* **What is needed**
Set each entry down verbatim, omitting images.

* **Data section**
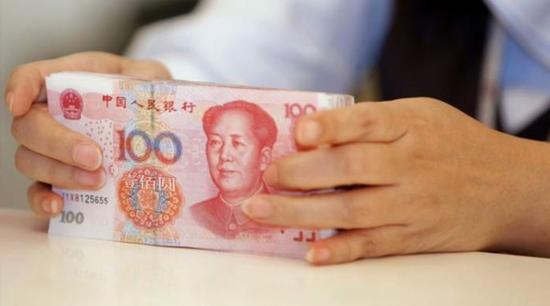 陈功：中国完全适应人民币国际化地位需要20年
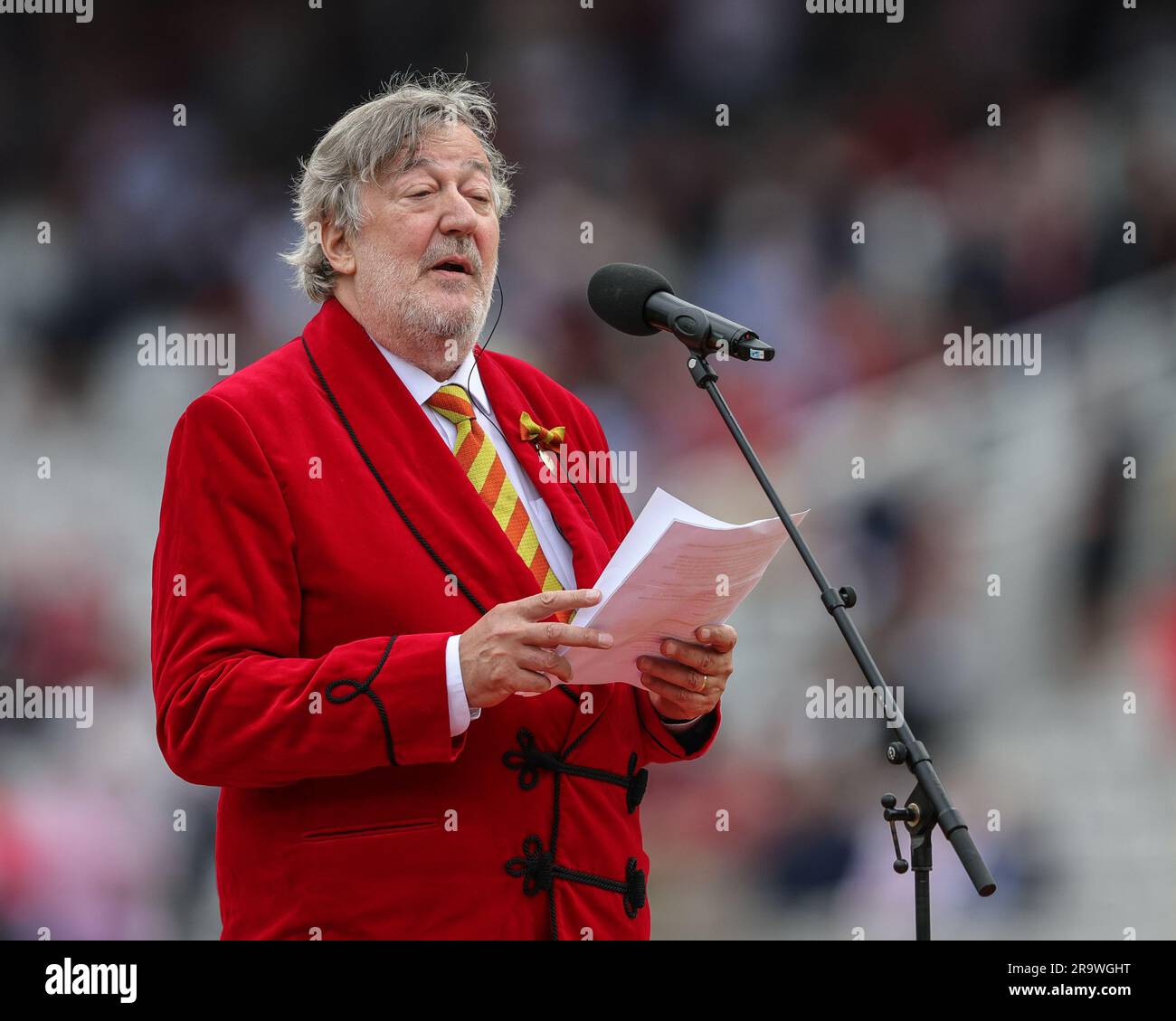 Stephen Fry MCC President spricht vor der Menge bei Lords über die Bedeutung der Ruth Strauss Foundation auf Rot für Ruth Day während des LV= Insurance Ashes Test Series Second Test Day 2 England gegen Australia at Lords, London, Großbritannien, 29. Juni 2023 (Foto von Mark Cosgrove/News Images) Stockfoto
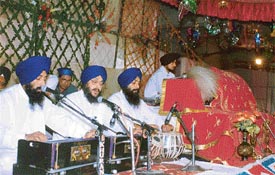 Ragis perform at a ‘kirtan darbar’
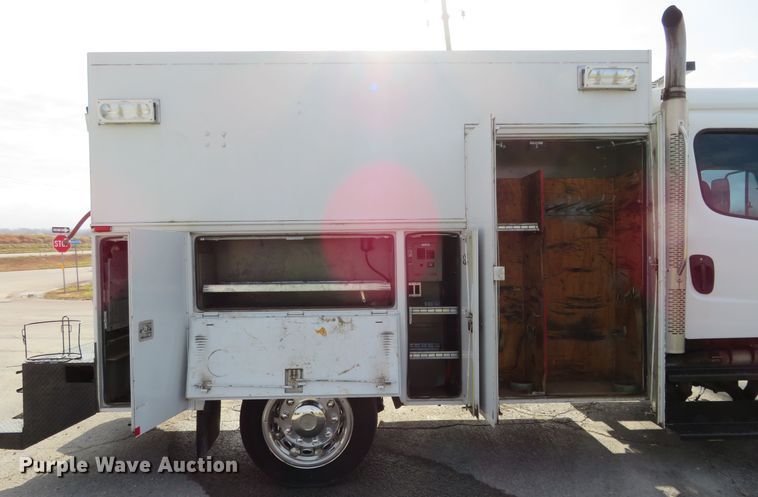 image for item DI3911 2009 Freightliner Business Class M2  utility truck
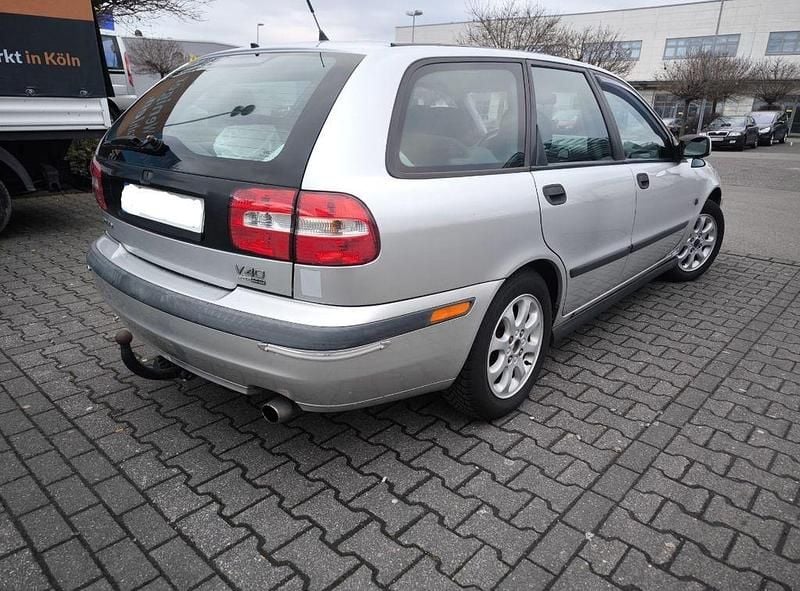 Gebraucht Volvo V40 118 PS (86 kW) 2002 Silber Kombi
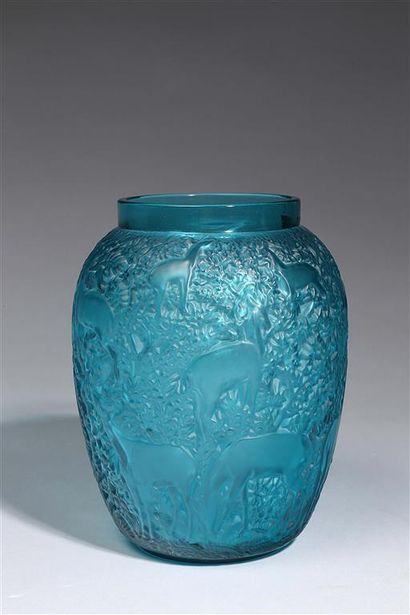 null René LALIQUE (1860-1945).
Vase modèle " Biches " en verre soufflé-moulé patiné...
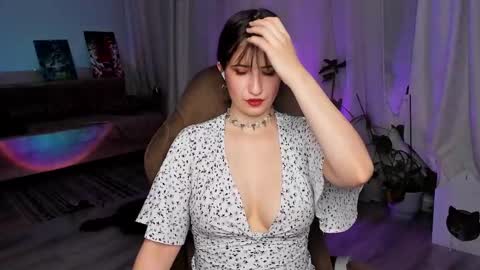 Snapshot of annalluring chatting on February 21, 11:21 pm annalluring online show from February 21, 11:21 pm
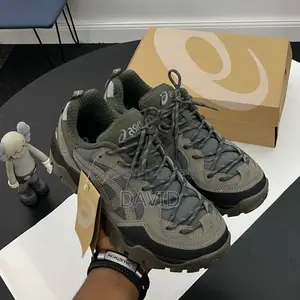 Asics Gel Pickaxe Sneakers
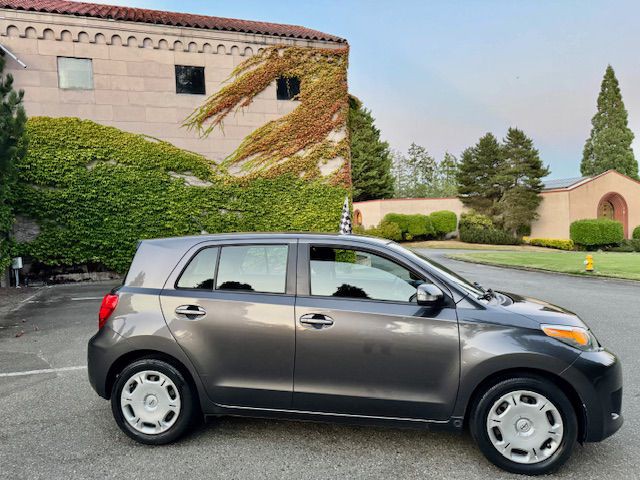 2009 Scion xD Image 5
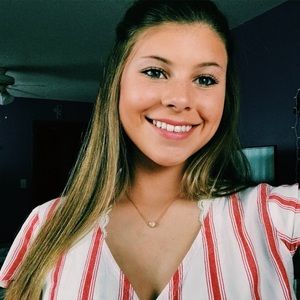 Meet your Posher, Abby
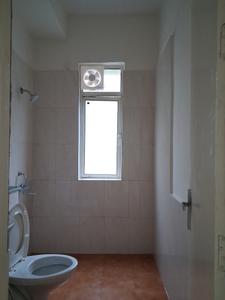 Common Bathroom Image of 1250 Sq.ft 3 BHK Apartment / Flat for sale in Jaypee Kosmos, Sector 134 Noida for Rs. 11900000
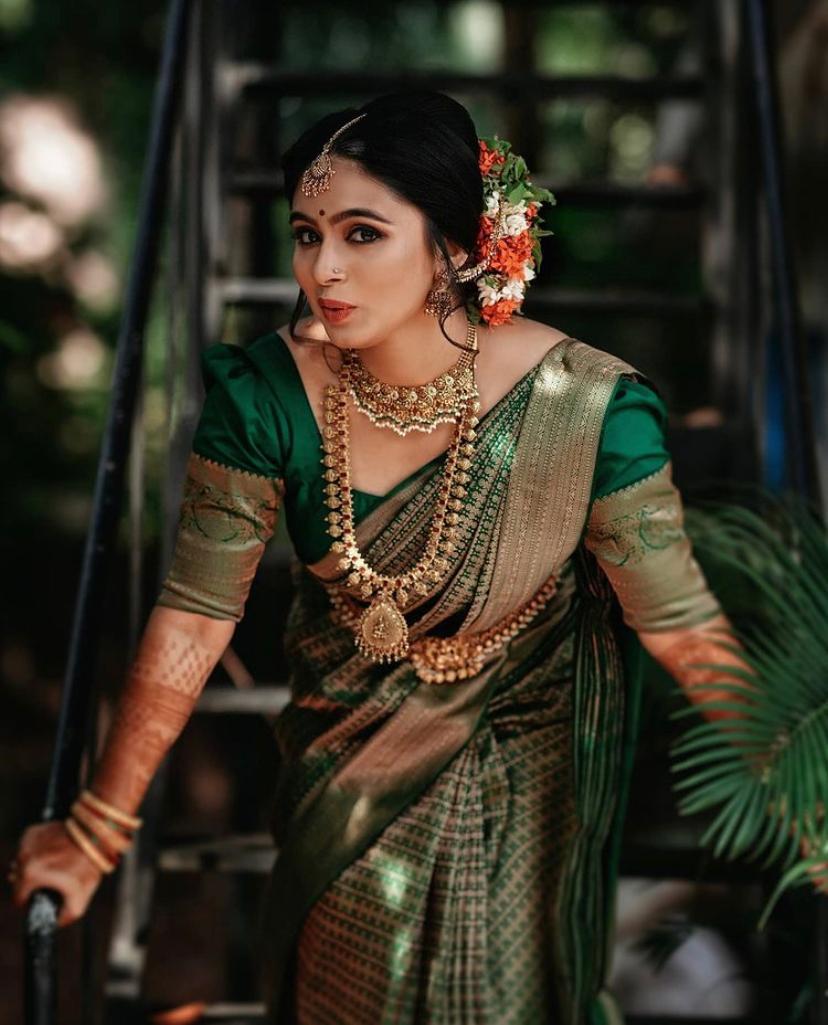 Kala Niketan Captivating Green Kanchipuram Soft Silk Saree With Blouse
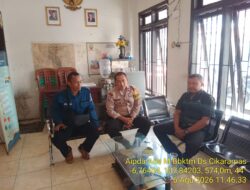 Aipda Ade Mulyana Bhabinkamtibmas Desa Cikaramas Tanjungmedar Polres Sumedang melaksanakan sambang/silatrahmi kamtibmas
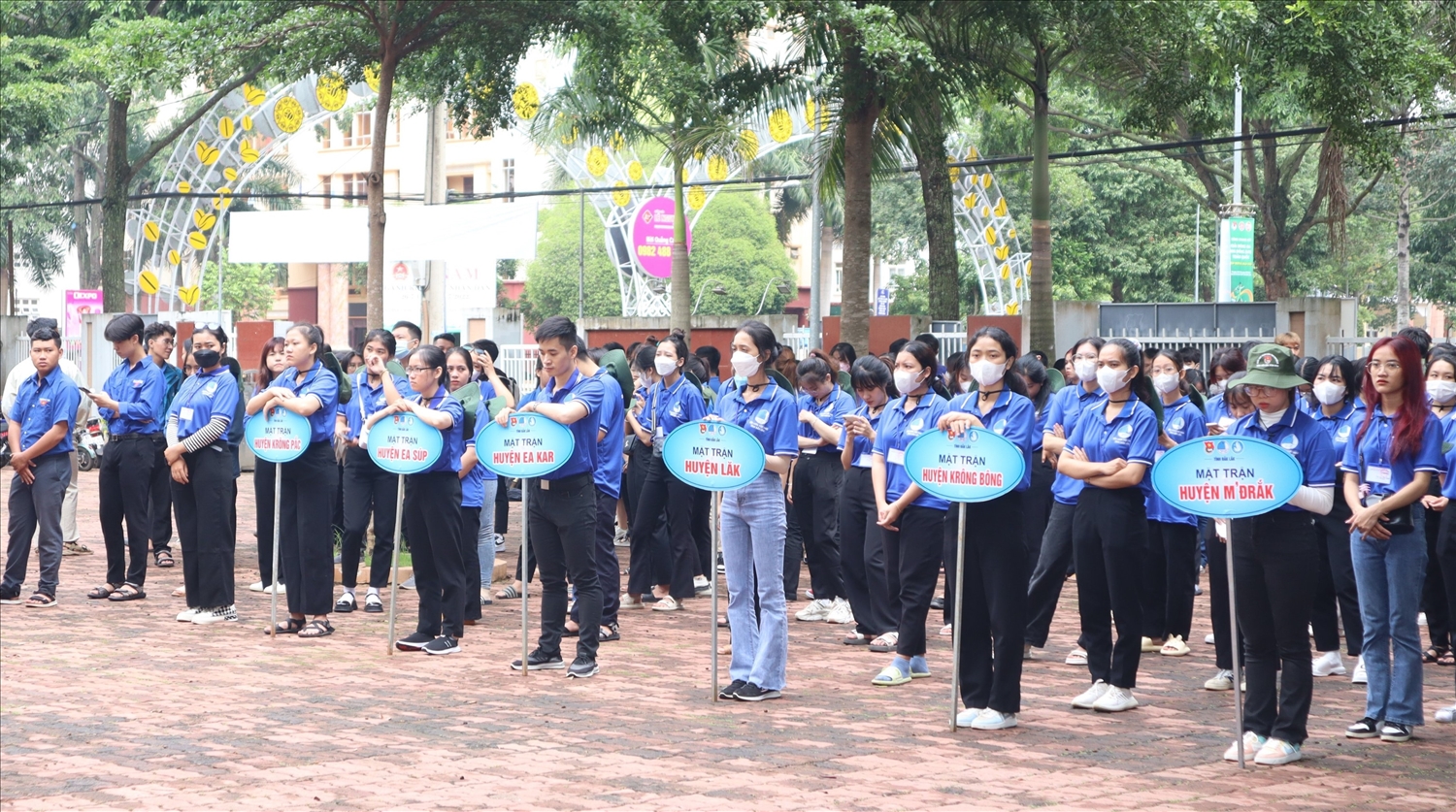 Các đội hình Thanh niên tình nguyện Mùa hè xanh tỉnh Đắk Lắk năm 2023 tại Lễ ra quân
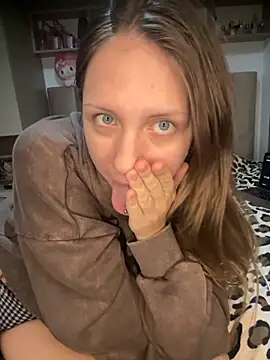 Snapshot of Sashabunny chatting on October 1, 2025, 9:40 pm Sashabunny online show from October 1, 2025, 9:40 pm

* **Response to this task**
 陈功：中国完全适应人民币国际化地位需要20年
 Stephen Fry MCC President spricht vor der Menge bei Lords über die Bedeutung der Ruth Strauss Foundation auf Rot für Ruth Day während des LV= Insurance Ashes Test Series Second Test Day 2 England gegen Australia at Lords, London, Großbritannien, 29. Juni 2023 (Foto von Mark Cosgrove/News Images) Stockfoto
 Ragis perform at a ‘kirtan darbar’
 image for item DI3911 2009 Freightliner Business Class M2  utility truck
 Gebraucht Volvo V40 118 PS (86 kW) 2002 Silber Kombi
 null René LALIQUE (1860-1945).
Vase modèle " Biches " en verre soufflé-moulé patiné...
 Snapshot of annalluring chatting on February 21, 11:21 pm annalluring online show from February 21, 11:21 pm
 Asics Gel Pickaxe Sneakers
 2009 Scion xD Image 5
 Meet your Posher, Abby
 Common Bathroom Image of 1250 Sq.ft 3 BHK Apartment / Flat for sale in Jaypee Kosmos, Sector 134 Noida for Rs. 11900000
 Kala Niketan Captivating Green Kanchipuram Soft Silk Saree With Blouse
 Aipda Ade Mulyana Bhabinkamtibmas Desa Cikaramas Tanjungmedar Polres Sumedang melaksanakan sambang/silatrahmi kamtibmas
 Các đội hình Thanh niên tình nguyện Mùa hè xanh tỉnh Đắk Lắk năm 2023 tại Lễ ra quân
 Snapshot of Sashabunny chatting on October 1, 2025, 9:40 pm Sashabunny online show from October 1, 2025, 9:40 pm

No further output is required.